Clone any voice from a short reference clip without fine-tuning.

Creative Flexibility

Fine-tune generation for dramatic, expressive, or neutral speech styles.

Model Specifications

  • Model Size: 500M parameters
  • Language: English only
  • Sample Rate: 24,000 Hz
  • Architecture: T3 transformer + S3Gen decoder
  • Repository: ResembleAI/chatterbox

Key Features

Classifier-Free Guidance (CFG)

CFG weight controls how closely the model follows the reference audio’s characteristics:
  • Higher values (0.7-1.0): Stronger adherence to reference voice and style
  • Medium values (0.3-0.5): Balanced, works well for most use cases
  • Lower values (0.0-0.3): More creative interpretation, useful for fast-speaking references

Exaggeration Control

The exaggeration parameter controls emotional intensity and expressiveness:
  • Default (0.5): Natural, balanced speech
  • Lower (0.0-0.3): More neutral, measured delivery
  • Higher (0.7-1.0): More dramatic, expressive speech
For expressive or dramatic speech, try lower CFG weight (around 0.3) with higher exaggeration (0.7+).
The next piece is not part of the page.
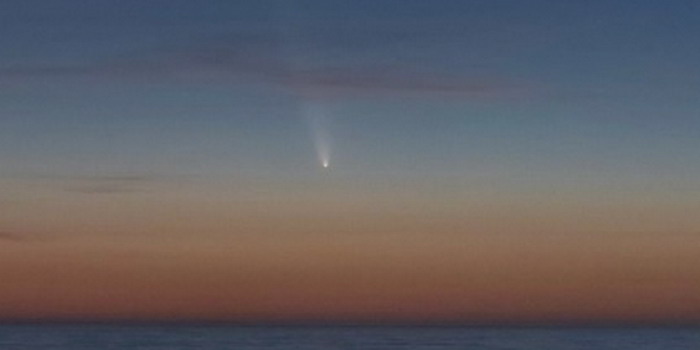 La cometa Atlas immortalata in un suggestivo scatto durante il tramonto dalla scogliera antistante la Fornace Penna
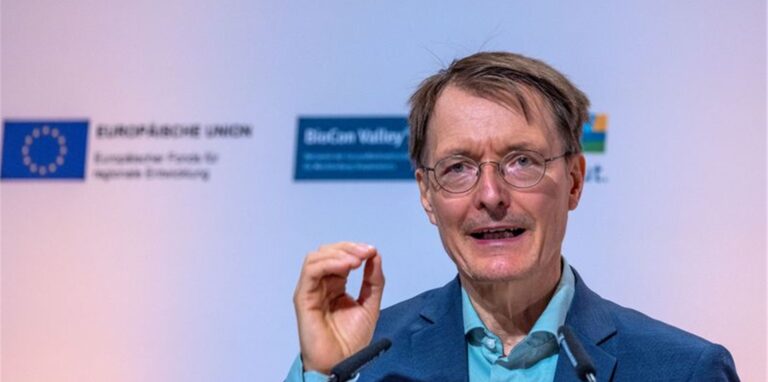 Karl Lauterbach auf der 17. Branchenkonferenz Gesundheitswirtschaft in Rostock. Hier diskutieren rund 300 Experten über die Aufarbeitung der Corona-Pandemie.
Higher exaggeration tends to speed up speech, while lower CFG helps maintain slower, more deliberate pacing.

Hardware Requirements

Minimum (CPU)

  • 6GB RAM
  • CPU inference supported
  • Slower generation times

Recommended (GPU)

  • NVIDIA GPU with 6GB+ VRAM
  • CUDA support
  • Near real-time generation
The model also supports Apple Silicon (MPS) for Mac users with M1/M2/M3 chips.

Usage

Basic Generation

import torchaudio as ta
from chatterbox.tts import ChatterboxTTS

# Load the model
model = ChatterboxTTS.from_pretrained(device="cuda")

# Generate speech with default voice
text = "Ezreal and Jinx teamed up with Ahri, Yasuo, and Teemo to take down the enemy's Nexus in an epic late-game pentakill."
wav = model.generate(text)

ta.save("test-english.wav", wav, model.sr)

Voice Cloning

Clone any voice by providing a reference audio clip:
import torchaudio as ta
from chatterbox.tts import ChatterboxTTS

model = ChatterboxTTS.from_pretrained(device="cuda")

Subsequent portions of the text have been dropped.